Sixteen percent of San Francisco voters who filled out their ballots correctly and completely -- more than 31,500 people -- did not have a say in the final outcome of the city's mayoral race, according to The Bay Citizen's analysis of election results.

Their ballots were discarded or exhausted, because they did not list either Ed Lee, the eventual winner, or runner-up John Avalos as one of their top three candidates. Unlike other cities, San Francisco does not allow voters to rank all the candidates on the ballot.

The analysis renews questions about the fairness of the city's ranked-choice voting system at a time when supervisors are considering repealing it.

Critics of the system say it quietly disenfranchises a significant percentage of voters, because those voters cannot fully express their preferences. San Francisco's voting machines only allowed voters to select three of the 16 candidates on the ballot.

“When you have more candidates like this and you constrain the number of choices to three, you have a lot of exhausted ballots and a less than ideal election,” said Corey Cook, a political science professor at the University of San Francisco, who is working with The Bay Citizen to analyze the election results.

Under ranked-choice voting, if one candidate earns a majority -- 50 percent plus one vote or more -- he wins.
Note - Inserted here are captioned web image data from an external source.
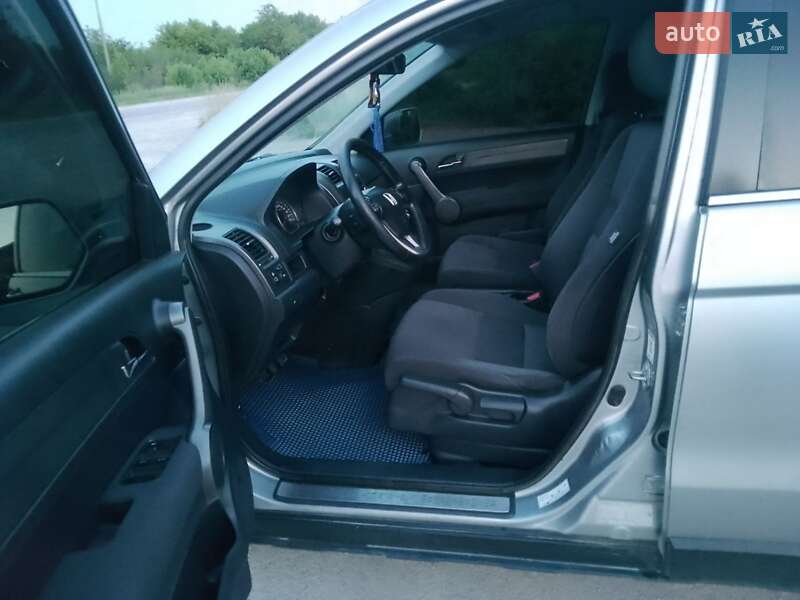 Внедорожник / Кроссовер Honda CR-V 2007 в Борщеве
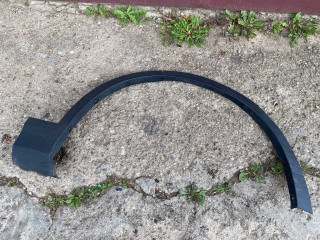 молдинг крыла BMW X3 F25 2011, 3.0 л., N52 B30, бензин, 7210082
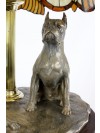 Boxer - lamp (bronze) - 682 - 7631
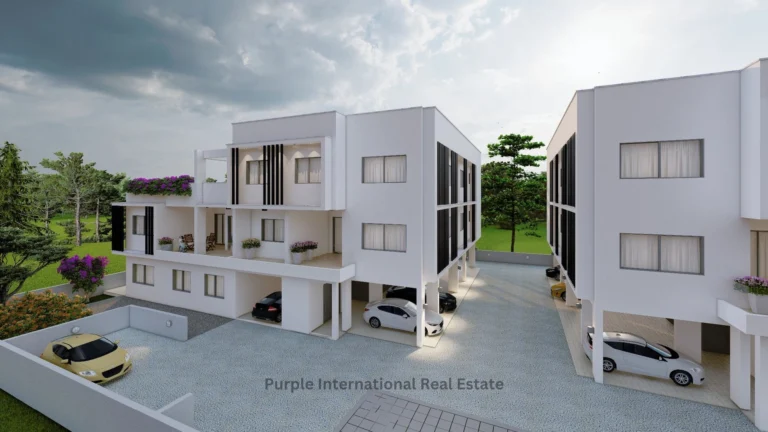 2 Bedroom Apartment for Sale in Famagusta District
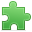 Module puzzle piece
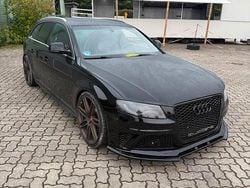 Schwarz Gebraucht 2008 Audi A4 S-Line Kombi | 5.800 € (Guter Preis)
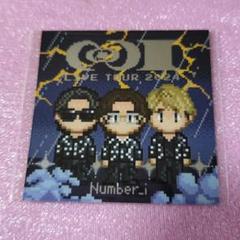 Number_i オリジナルシール Amazon.co.jp: Number_i ナンバーアイ 岸優太 オリジナル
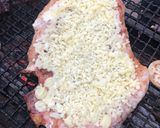 Foto del paso 1 de la receta: Malaya a la pizza (pizza en malaya)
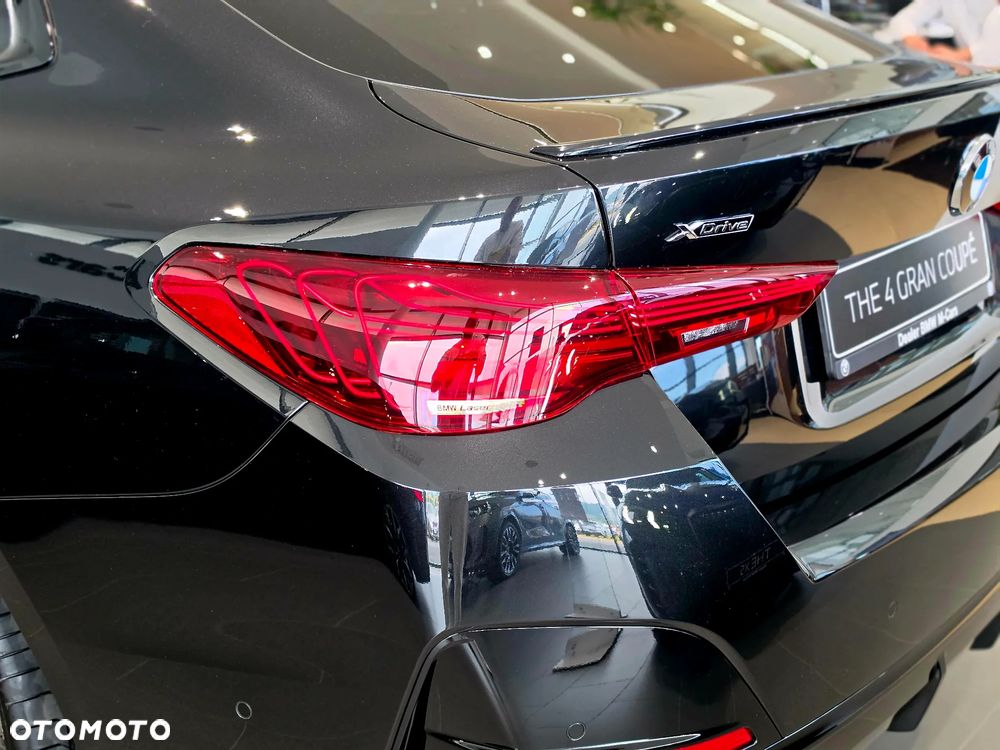 BMW Seria 4 420d xDrive mHEV M Sport - 7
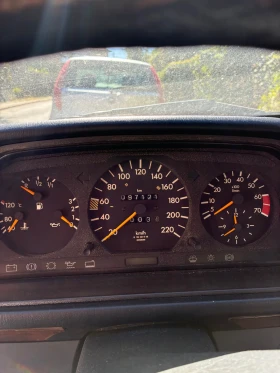 Mercedes-Benz 124 2.0 122к., снимка 7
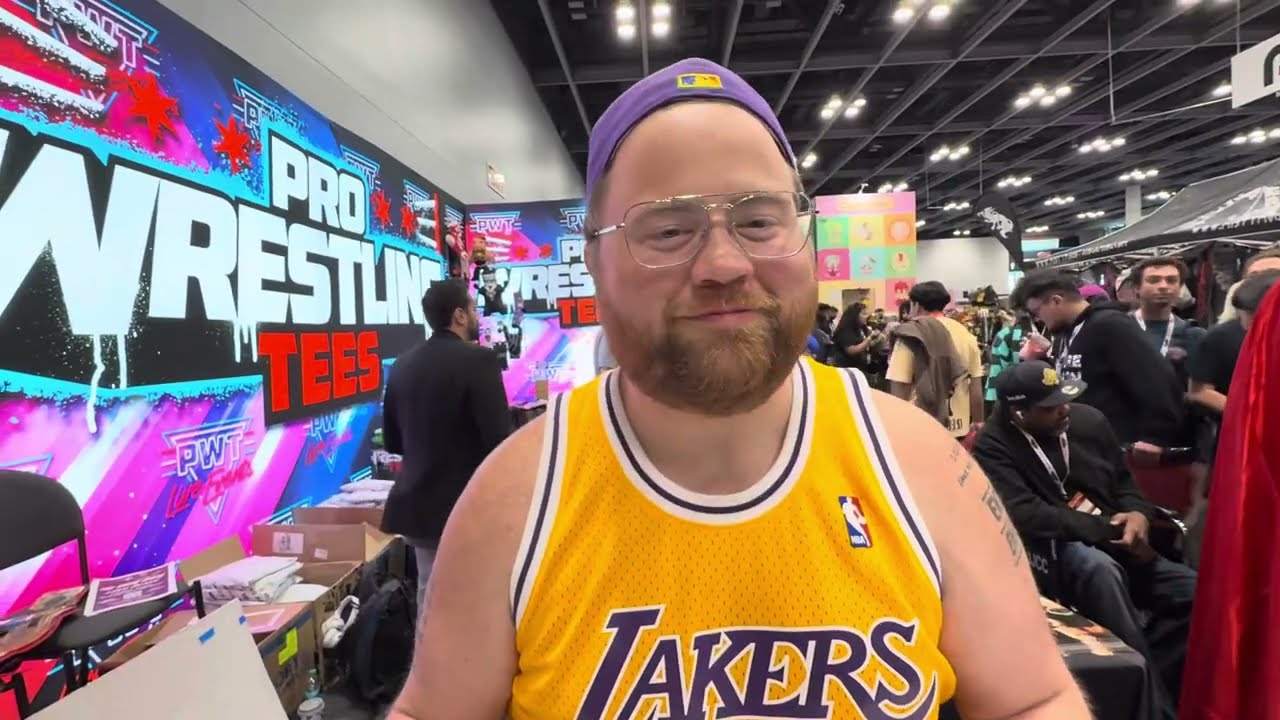 Actor Paul Walter Hauser w/ Dan Tortora on Many Topics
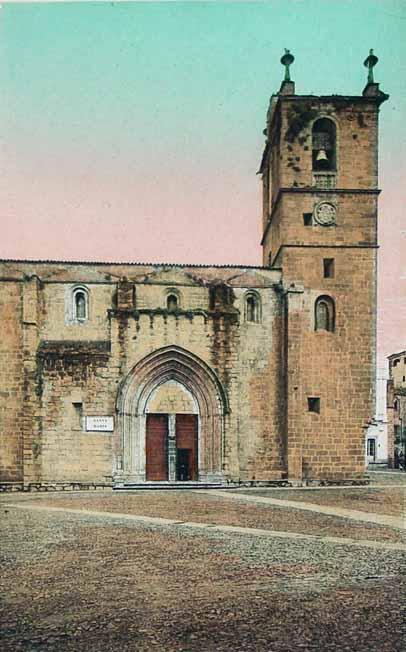 Iglesia de Santa María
That is what happened in 2007, when Gavin Newsom was re-elected with 74 percent of the vote.

But if no one wins a majority, the candidate with the fewest votes is eliminated, and his votes are redistributed. The process continues for as many rounds as it takes until one candidate wins a majority of the remaining ballots. According to the Department of Elections, it took 12 rounds to determine Lee won the mayor's race.

As more ballots are exhausted with each round, the number of votes used to determine a winner decreases, allowing candidates to gain office with support from a minority of voters. In the final round, Lee had only 43 percent of all votes and Avalos had 29 percent.

(Click here to see the round-by-round results.)

According to Cook, every exhausted ballot amounted to half a vote for Lee, because it reduced the likelihood of someone catching up to him. In every round, Lee's support grew as more ballots were discarded, reducing the number of votes available to his competitors.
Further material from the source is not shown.